The migration towards the NACS charging port used by Tesla's Supercharger network continues. Today, BMW said it plans to adopt the American electric vehicle company's plug and thereby gain access to its robust charging infrastructure in early 2025. The relevant question now is not which companies have switched to NACS, but which have not. Seemingly every major automaker has followed Ford's lead to make the switch.
Vehicles under BMW's Mini and Rolls-Royce brands will get NACS plugs as well. The company says that owners of its EVs whose cars are equipped with the CCS plug (all of them) will also be able to use the Supercharger network. In a press release, the brand didn't go as far as to say it will offer adapters to these owners, but that's the only way it's going to happen. Whether they'll be given or simply encouraged to purchase a CCS-to-NACS adapter, it's too early to tell.
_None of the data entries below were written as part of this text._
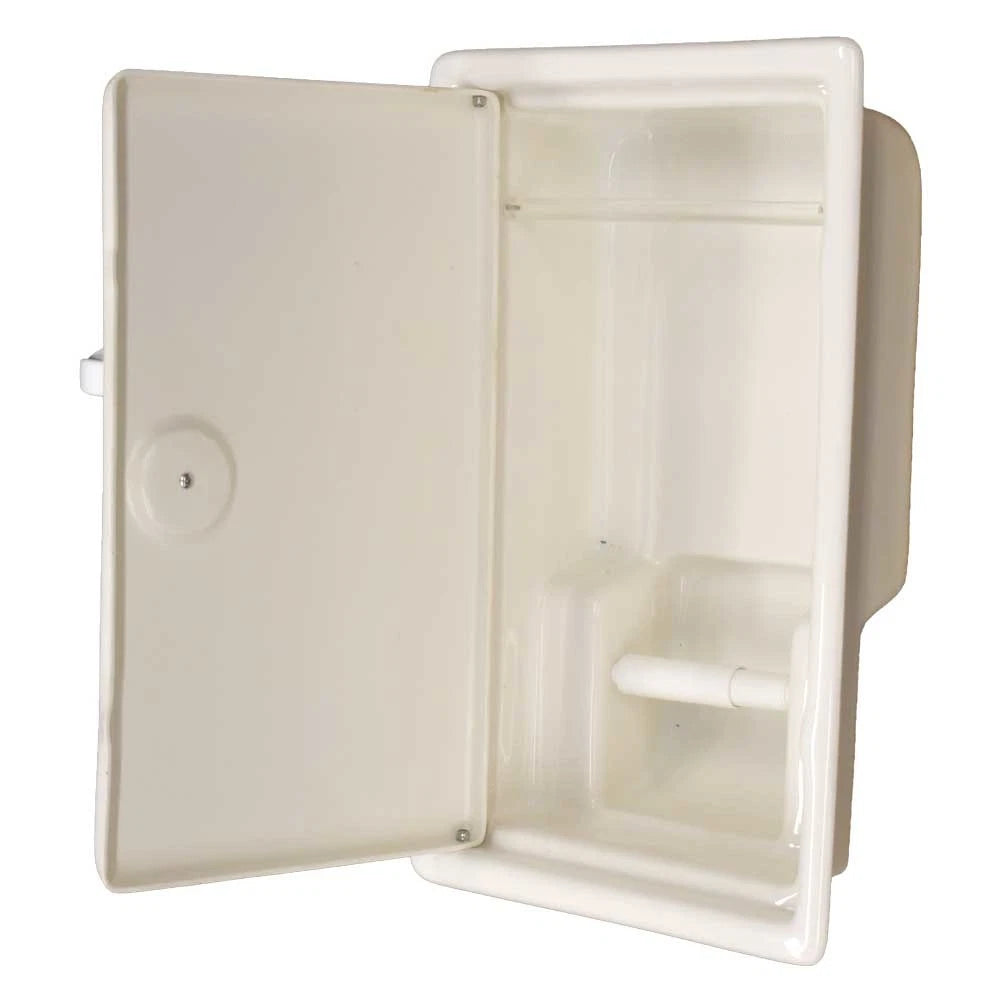 Sailfish Boat Head Storage Box 51-2047 - 270 Walkaround Off White
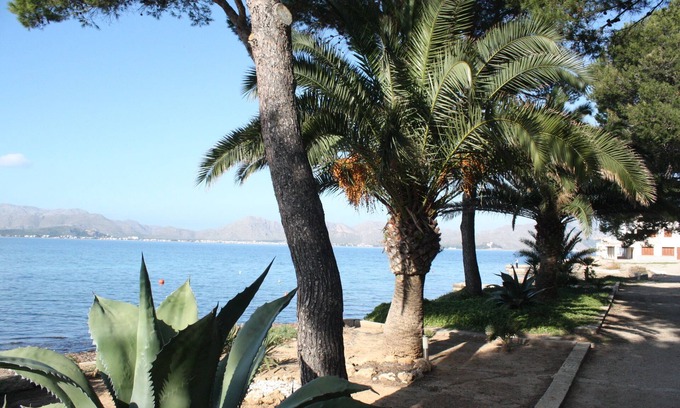 es Bacares House | Modern Villa with Pool and Ocean View Near the Sea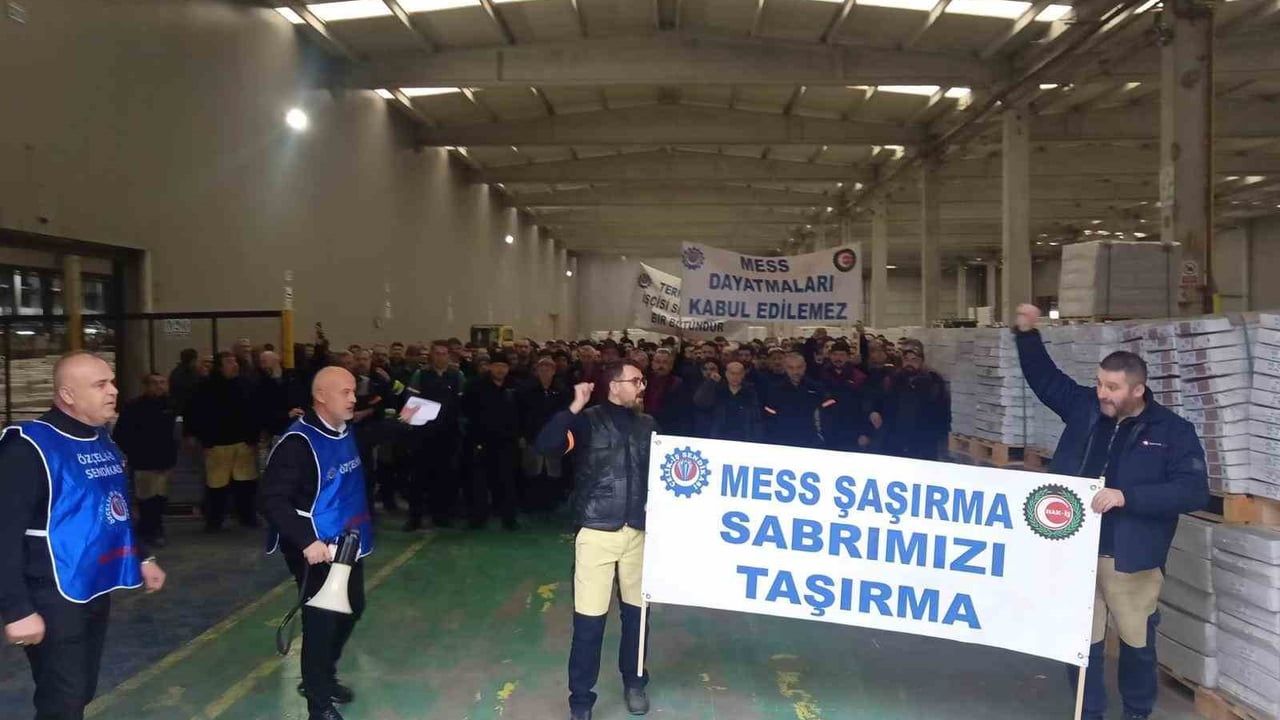 Değirmenci'den MESS'e Tepki: Ücret Zammı Yetersiz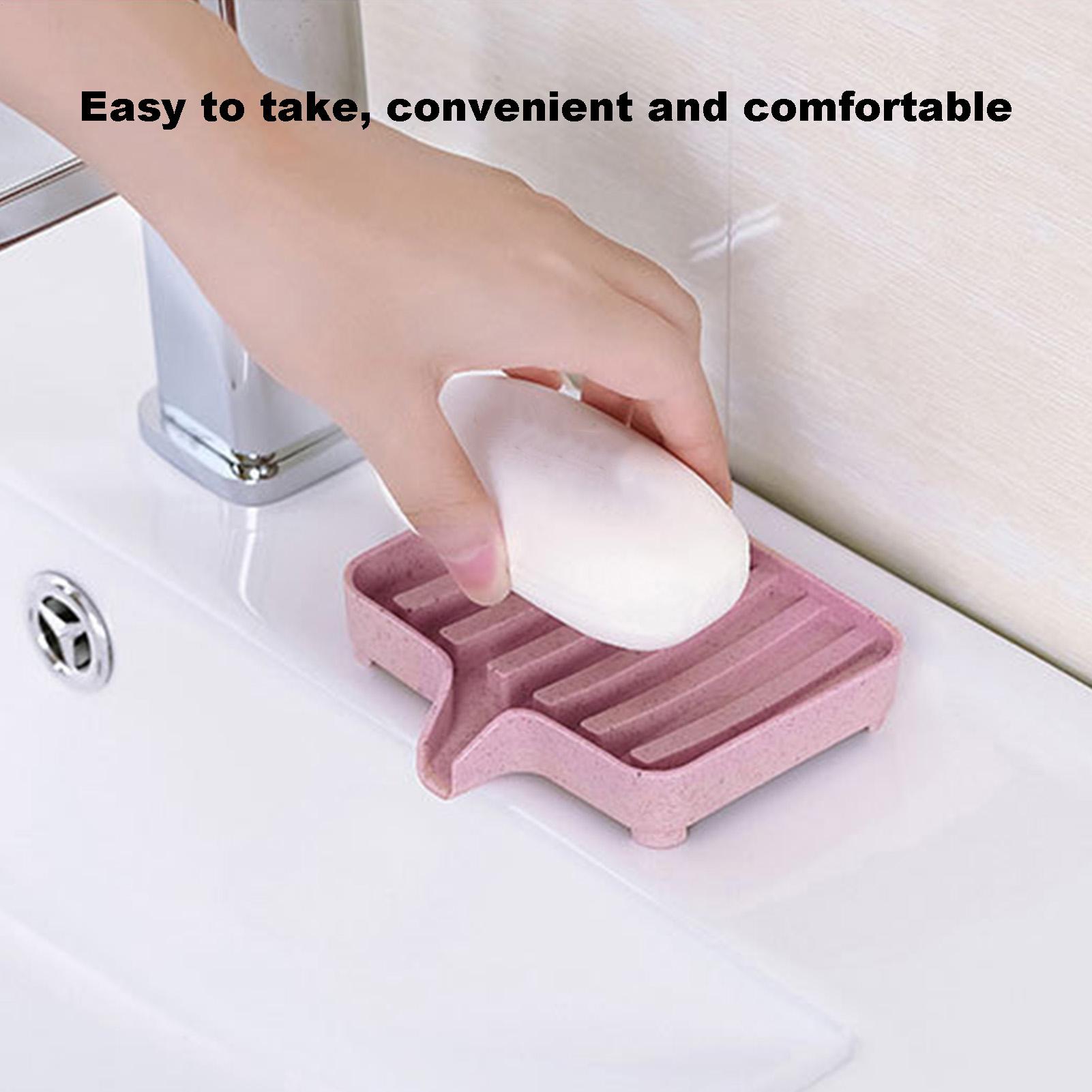 Suporte para Sabonete com Dren - Soap Dish Draining avaliação e preço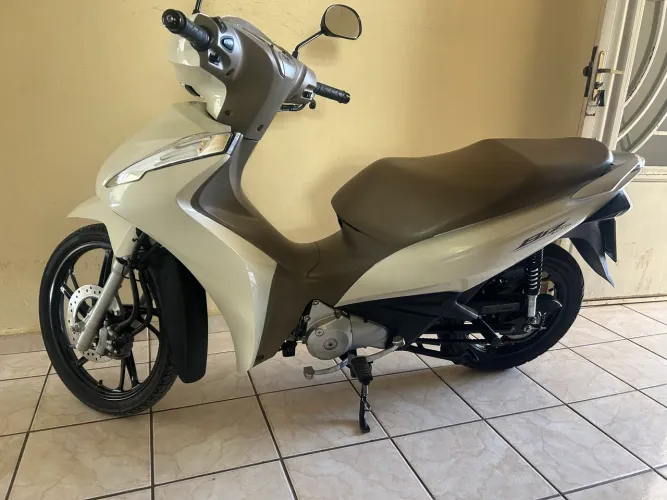 Moto biz 125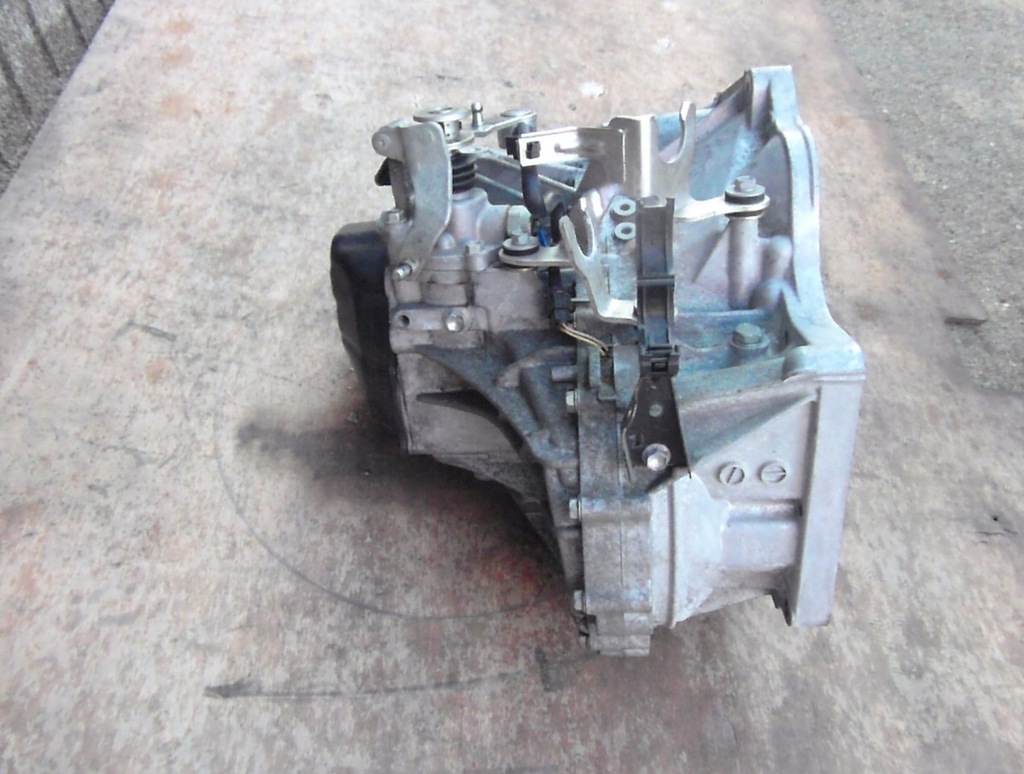 фото №5, Коробка передач передач zmb 1.6 b suzuki sx4 s-cross 15r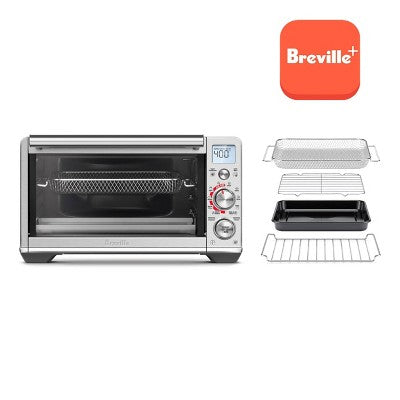 Breville The Smart Oven Air Fryer Compact (LOCAL PICKUP ONLY)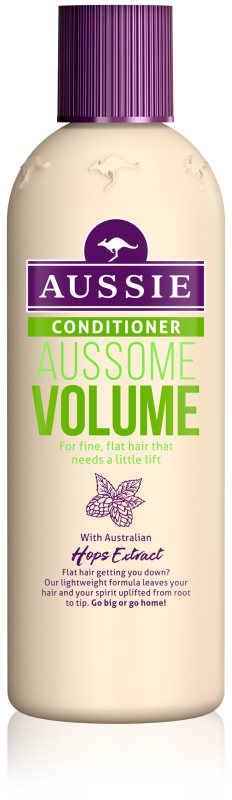 Aussie Aussome Volume Conditioner für dünnes und splissiges haar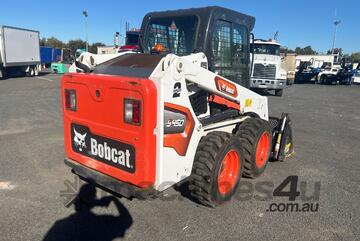 2023 Bobcat S450 Wheeled Skid Steer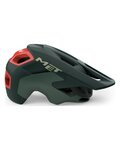MET casco - REVO MIPS - verde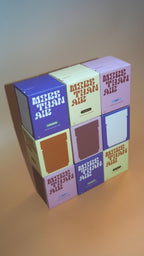 PACK COFFRET CADEAUX - More Than Air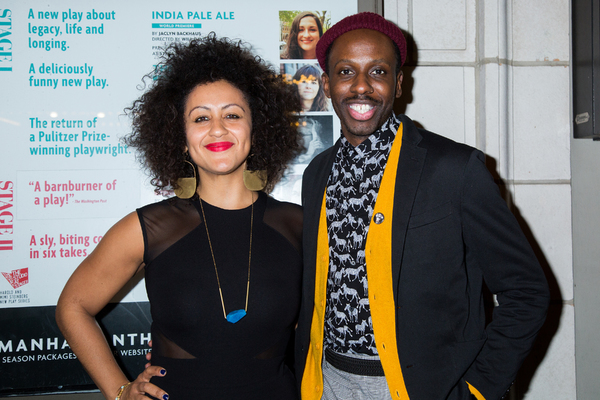 Photo Coverage: On the Opening Night Red Carpet For CHOIR BOY Image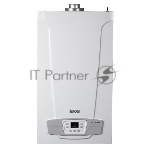 Котел газовый BAXI ECO LIFE 1.31F настен, 31 кВт, одноконтурный, с закрыт. кам. сгор.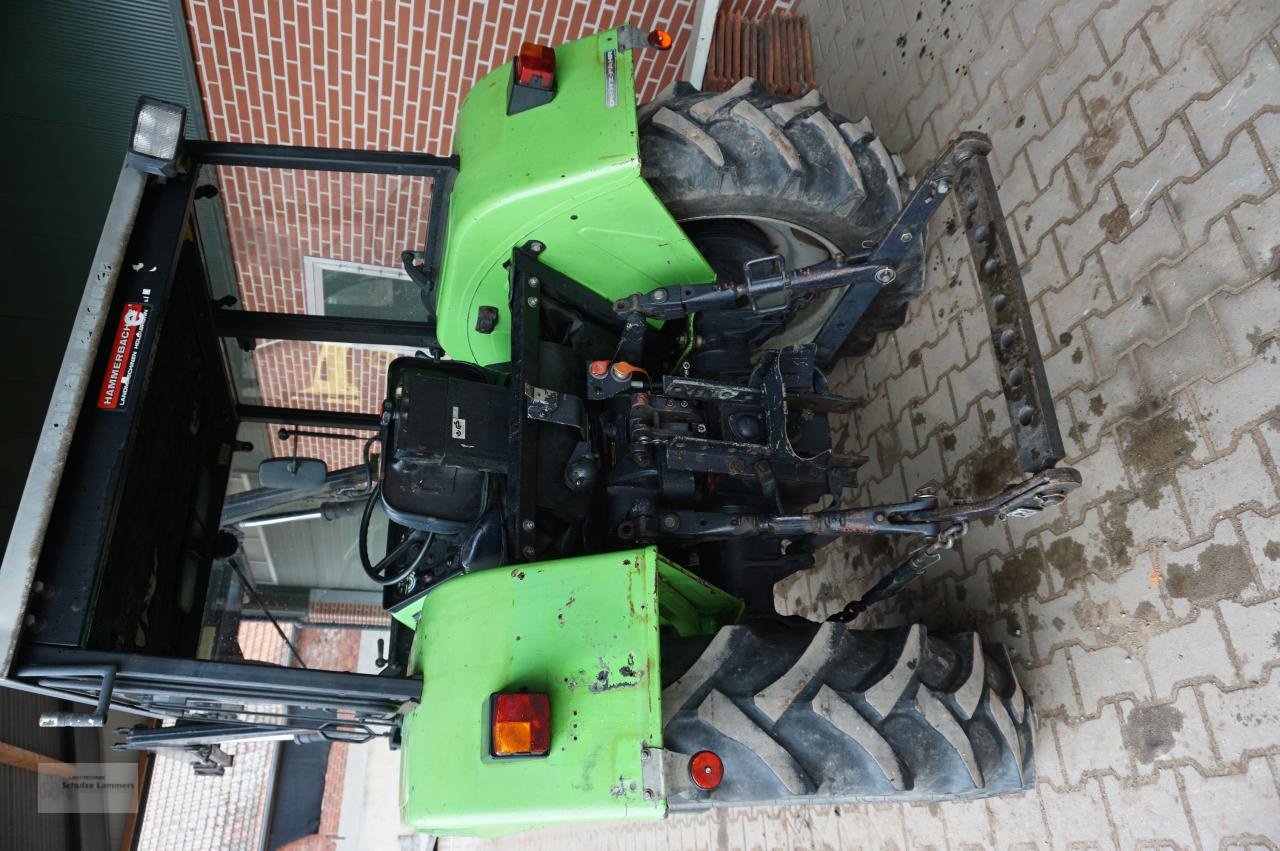Traktor des Typs Deutz-Fahr DX 3.10, Gebrauchtmaschine in Borken (Bild 8)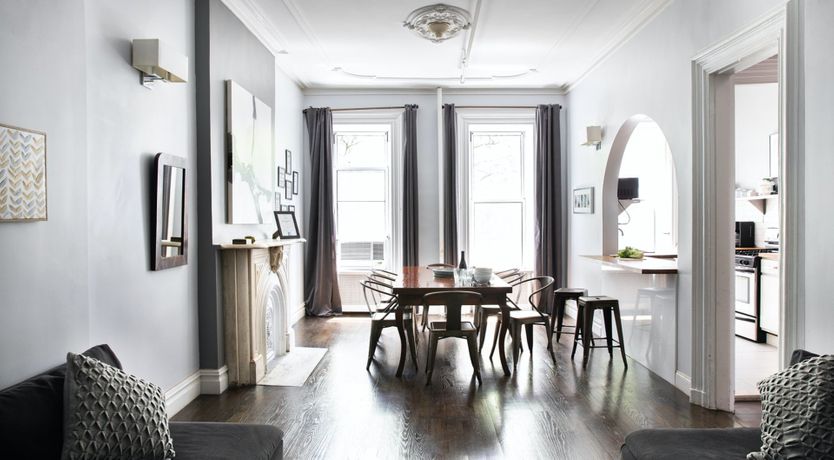 Photo of Rockefeller Hearth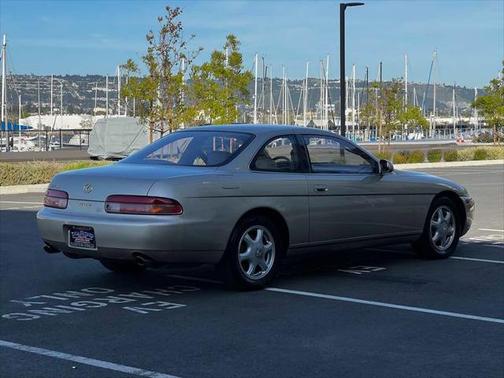 1996 Lexus SC 300 Base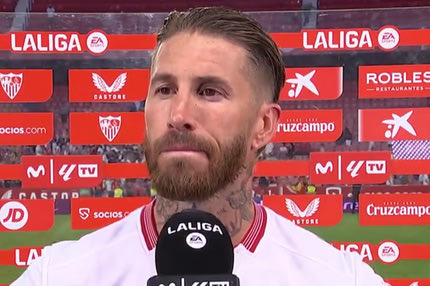 Ράμος: “Συναρπαστικό που επανενώθηκα με τους ανθρώπους μου, τώρα μπορώ να αναπαυθώ εν ειρήνη”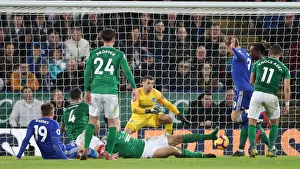 Premier League Showdown: Leicester City vs. Brighton & Hove Albion at The King Power Stadium - 26th February 2019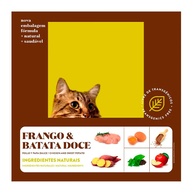 Quatree Supreme Castrados: Ração Premium para Gatos - imagem 2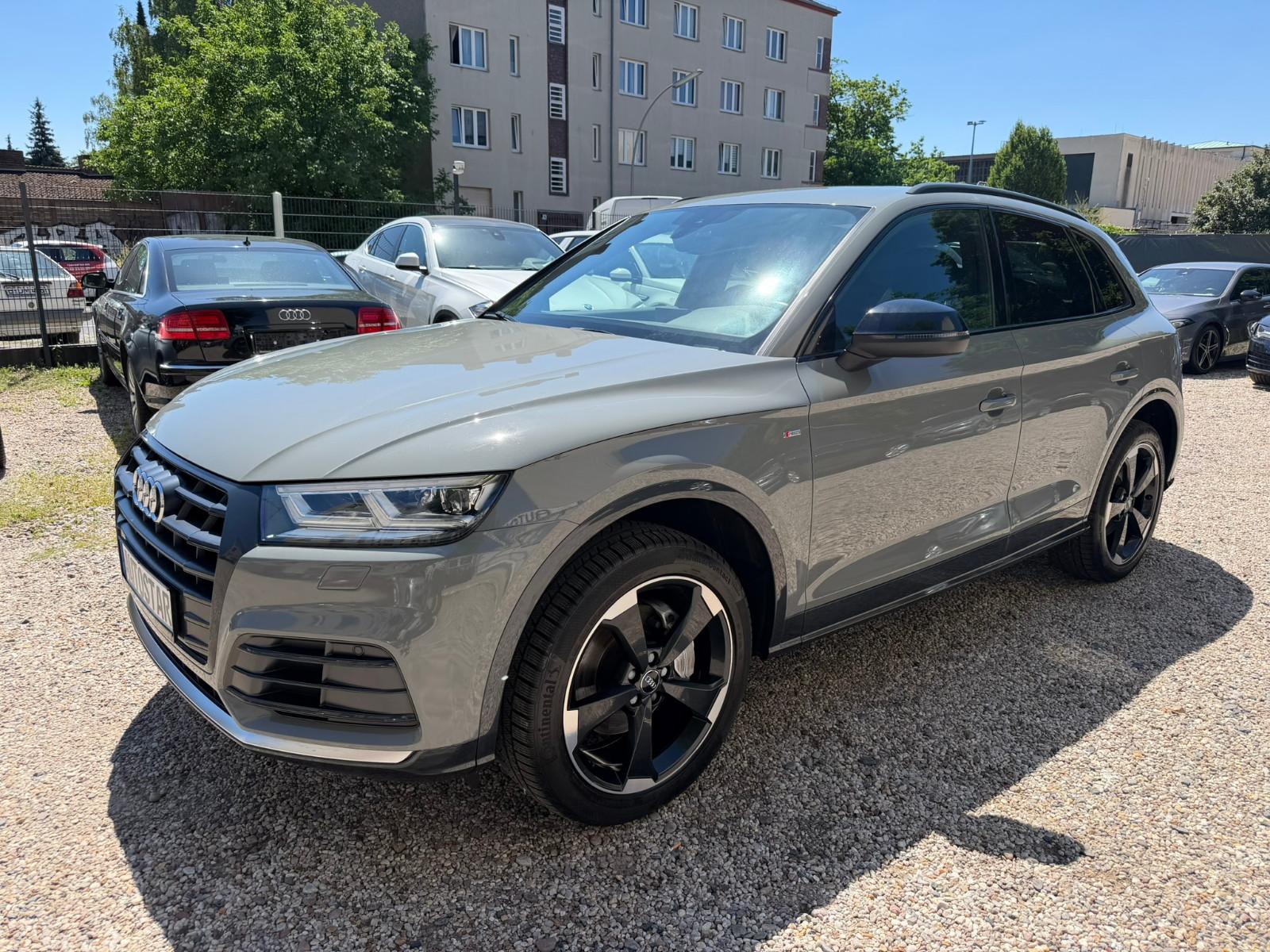 Audi Q5 2.0 TDI 140kW 3x S-Line*Design selection*Top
Tesla Supercharger stations will begin to show up on charging station maps in BMWs soon, and both companies are working together to integrate the charging apps of each BMW brand with Tesla's network. BMW claims that by doing this, owners will be able to pay for charging without downloading anything new.
How this statement exists in the context of BMW's massive new charging station venture with several other automakers remains to be seen. (For the record, Stellantis is the only member of that alliance yet to officially endorse NACS.) The Bavarian company claims the announcement is independent of the charging station effort, but what plug ends up on those stations is obviously relevant. At this point, the dust has yet to settle on that front.
A slew of automakers have announced they're switching to NACS, but it's unclear how many newly built chargers will have the plug, and which, if any, may be retrofitted. Electrify America has announced it will build NACS-equipped stations in the near future, but other charging networks haven't been as clear.